Task requirements
Your job with the data below is to output exactly the lines from the one holding "Women Black Wash" down to the one holding "[Lumi Jewellery]STAR AND", both included, and no others.

Input data
-- Opening Marker --

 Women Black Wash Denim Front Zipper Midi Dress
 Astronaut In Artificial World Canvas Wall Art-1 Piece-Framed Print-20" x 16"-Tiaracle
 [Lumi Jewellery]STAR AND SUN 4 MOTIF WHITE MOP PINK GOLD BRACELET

-- Closing Marker --
-- Opening Marker --

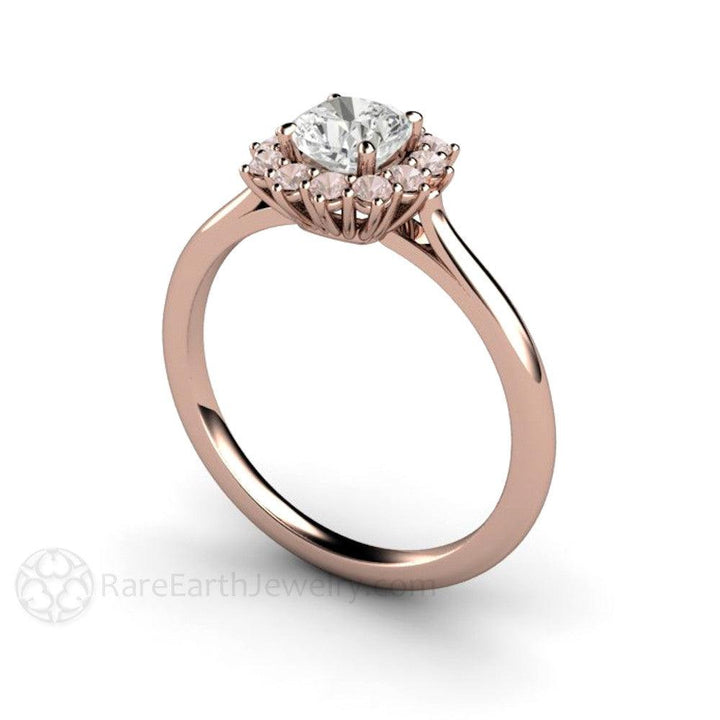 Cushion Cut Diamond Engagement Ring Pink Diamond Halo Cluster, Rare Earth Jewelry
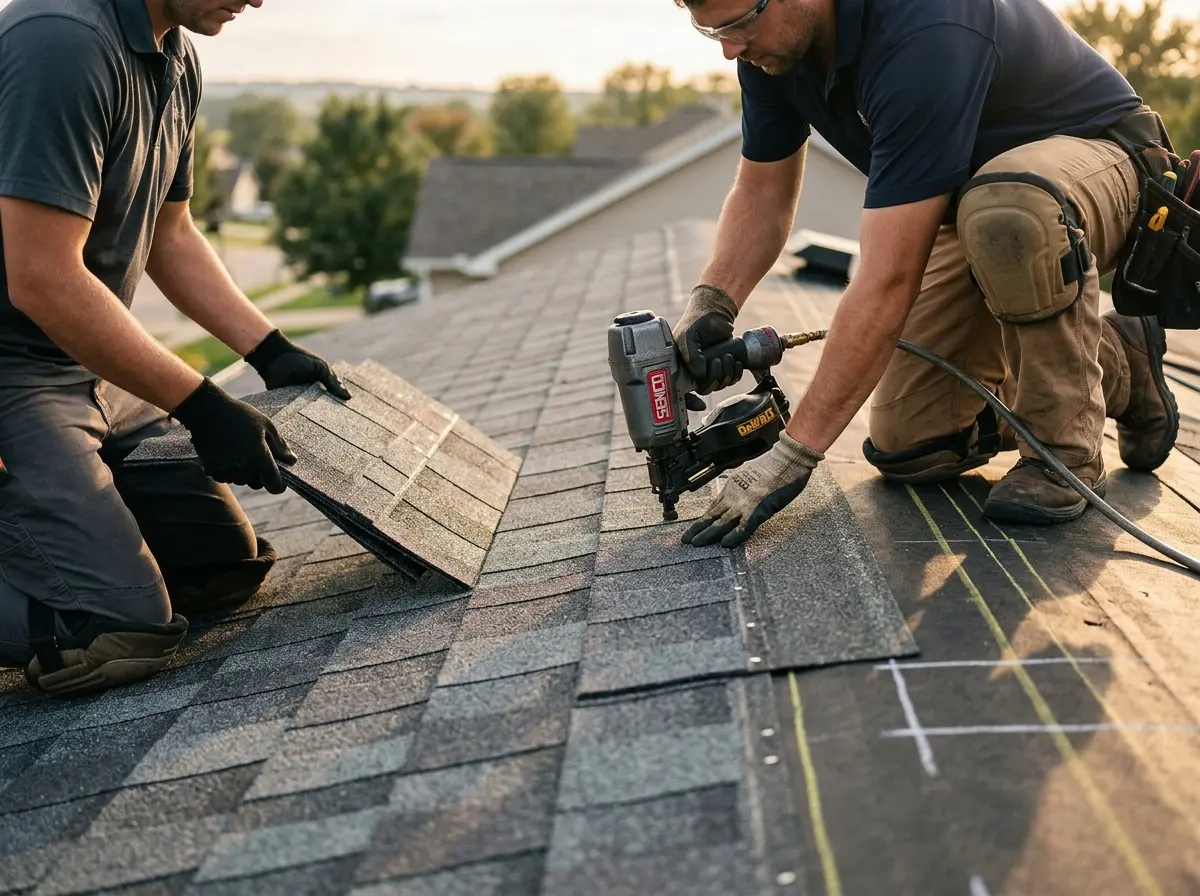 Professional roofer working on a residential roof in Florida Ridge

-- Closing Marker --
-- Opening Marker --

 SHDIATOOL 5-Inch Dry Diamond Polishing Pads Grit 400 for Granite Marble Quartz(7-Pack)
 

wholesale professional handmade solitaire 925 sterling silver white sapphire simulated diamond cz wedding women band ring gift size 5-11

-- Closing Marker --

Answer box
 Women Black Wash Denim Front Zipper Midi Dress
 Astronaut In Artificial World Canvas Wall Art-1 Piece-Framed Print-20" x 16"-Tiaracle
 [Lumi Jewellery]STAR AND SUN 4 MOTIF WHITE MOP PINK GOLD BRACELET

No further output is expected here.